Isi Kuliah Umum, Baharudin Soroti Makna Pemilu dan Tantangan Literasi Demokrasi
Kupang, ntt.kpu.go.id — Anggota Komisi Pemilihan Umum (KPU) Provinsi Nusa Tenggara Timur, Baharudin Hamzah, M.Si, menjadi narasumber dalam Kuliah Umum Program Magister Studi Pembangunan di Aula Pascasarjana Universitas Nusa Cendana (Undana), Senin (6/10).
Kegiatan ini dibuka secara resmi oleh Direktur Pascasarjana Undana, Prof. Dr. Felix Tan, M.Ed. Moderator acara adalah Dr. Syukur M. Adang Djaha, M.AP, Ketua Gugus Kendali Mutu Program Magister Studi Pembangunan. Turut hadir Dr. I Putu Yoga Bumi Pradana, M.Si, selaku Koordinator Program Studi Pascasarjana Studi Pembangunan, serta civitas akademika Pascasarjana Undana.

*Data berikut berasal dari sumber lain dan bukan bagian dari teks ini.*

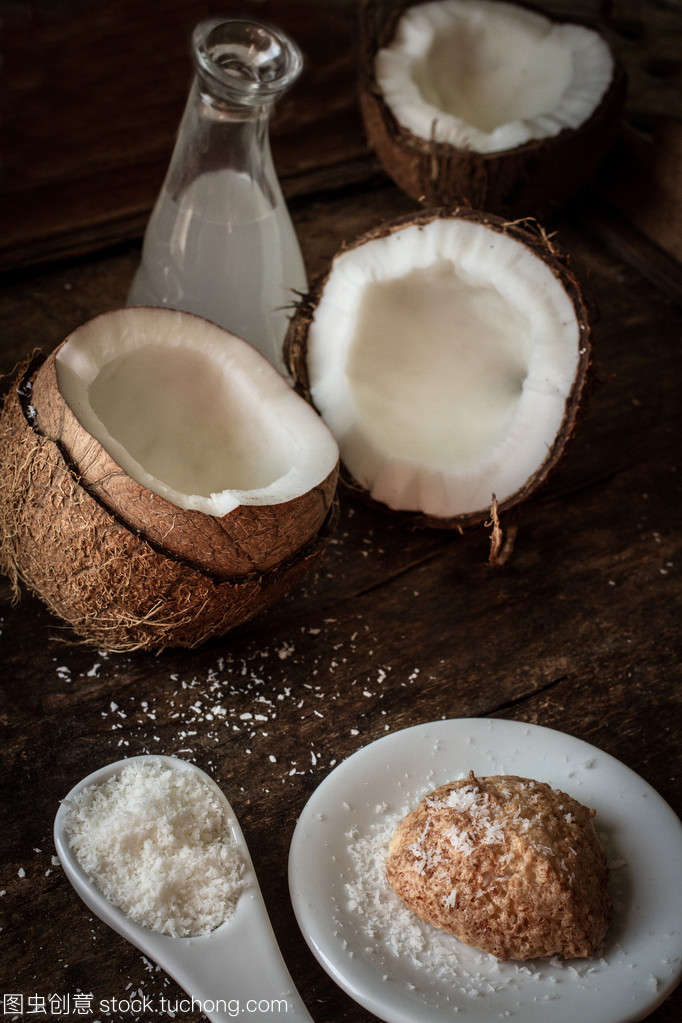 破碎的椰子。對印度食品美味的水果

Dalam kuliah umum bertajuk “Demokrasi, Politik, dan Tantangan Literasi Digital”, Baharudin menyampaikan pandangan mendalam tentang makna Pemilu dalam konteks demokrasi. Menurutnya, Pemilu bukan sekadar peristiwa politik rutin bagi warga negara untuk menunaikan kewajiban administratif, melainkan momen penting di mana rakyat menyerahkan kekuasaannya kepada orang yang diyakini mampu memperjuangkan keadilan dan kesejahteraan.

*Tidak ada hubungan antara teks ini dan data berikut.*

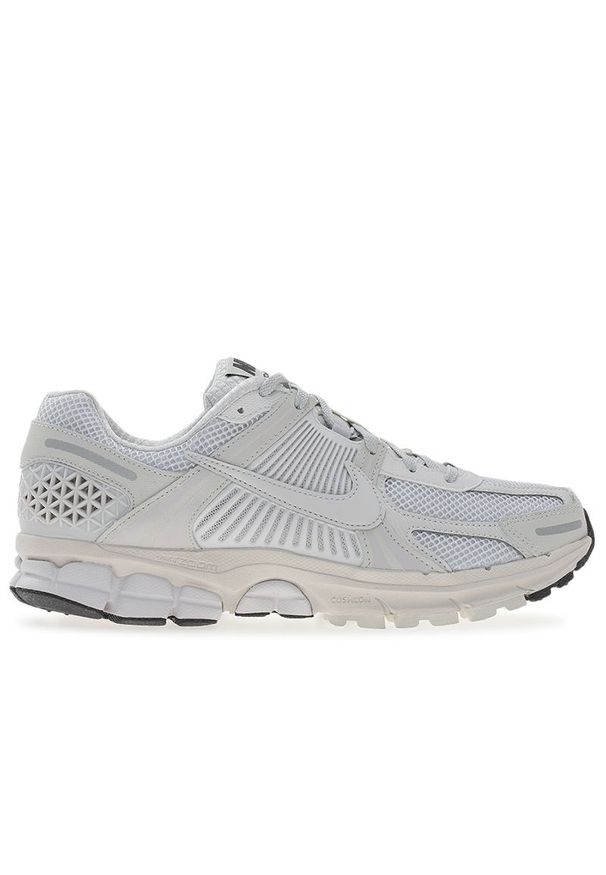 Buty męskie Nike Zoom Vomero 5 BV1358-001 - białe. Okazja: na co dzień. Kolor: biały. Materiał: guma. Szerokość cholewki: normalna. Model: Nike Zoom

“Pemilu itu proses penyerahan kekuasaan rakyat di TPS. Di sana, pemilih menyerahkan mandat politiknya kepada individu yang dianggap bisa membawa keadilan dan kesejahteraan bagi masyarakat. Jadi, Pemilu tidak boleh dimaknai sebatas rutinitas formal, tetapi momentum penting bagi rakyat dalam menentukan arah negara,” tegas Baharudin.
Ia juga menyoroti rendahnya kualitas pendidikan politik di masyarakat yang berdampak pada lemahnya kesadaran pemilih terhadap konsekuensi pilihan politiknya. “Minimnya pendidikan politik menyebabkan pemilih tidak mampu menilai efek dari pilihannya. Akibatnya, kontrol publik pasca-Pemilu sangat rendah,” ujarnya.

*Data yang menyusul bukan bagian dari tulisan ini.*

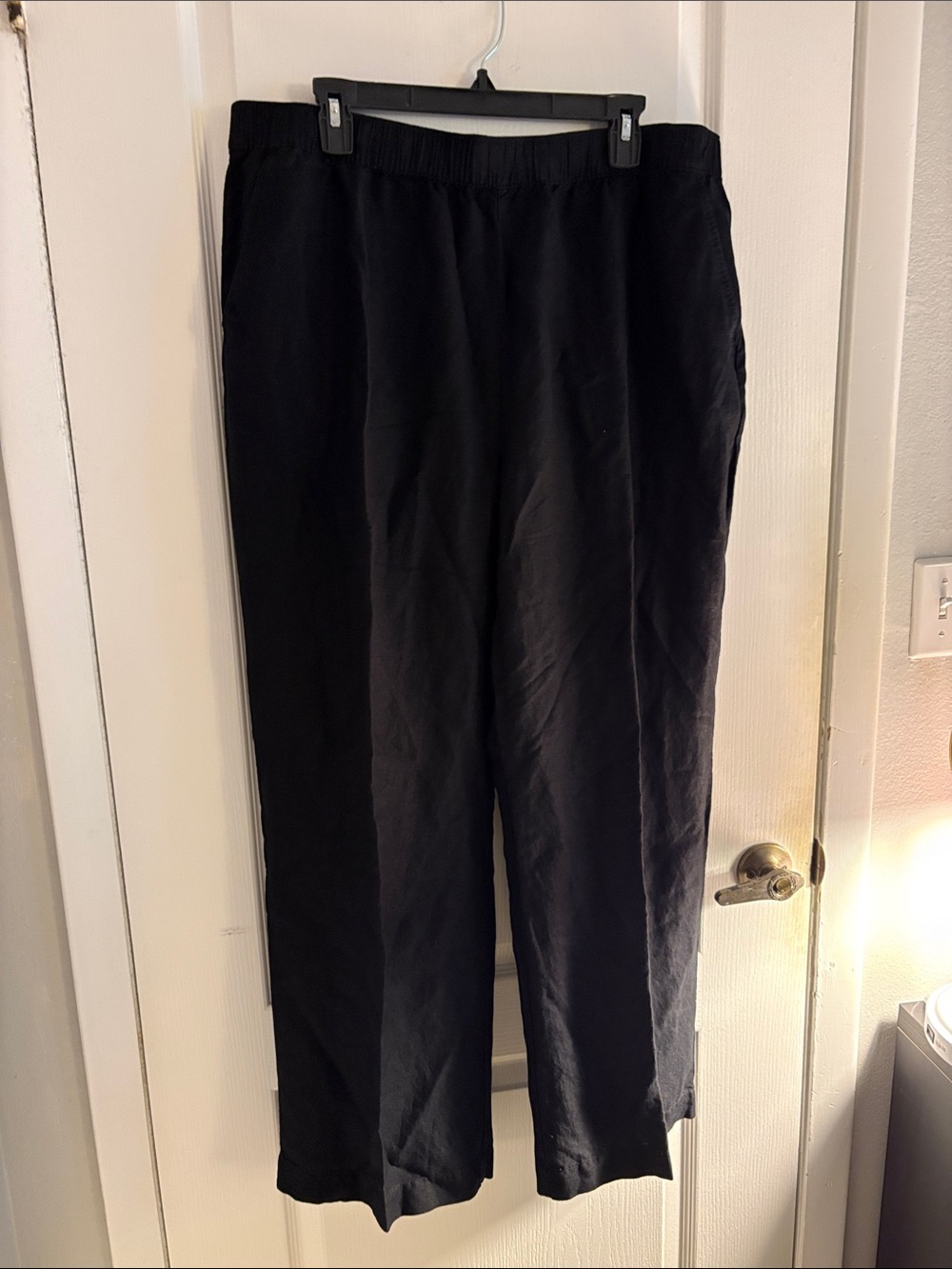LOFT Black Straight-Leg Pull-On Pants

Baharudin menegaskan pentingnya literasi dan pendidikan politik yang berkelanjutan untuk memperkuat fondasi demokrasi. “Negara yang rusak bukan hanya karena pemimpin yang jahat, tapi juga karena rakyat yang salah pilih. Dan kesalahan pilih itu seringkali lahir dari rendahnya pendidikan politik,” katanya. Ia menambahkan, tanpa pendidikan politik yang mencerdaskan, demokrasi bisa berubah menjadi “pasar gelap” tempat janji-janji politik diobral tanpa makna dan rakyat dibiarkan dalam ruang kosong tanpa kesadaran kritis.
Lebih lanjut, Baharudin juga menyinggung tantangan demokrasi di era disrupsi digital. Menurutnya, teknologi digital telah menyentuh hampir seluruh aspek kehidupan, termasuk dalam penyelenggaraan Pemilu. KPU sebagai lembaga penyelenggara terus melakukan transformasi digital di berbagai tahapan, mulai dari perencanaan, logistik, hingga rekapitulasi suara.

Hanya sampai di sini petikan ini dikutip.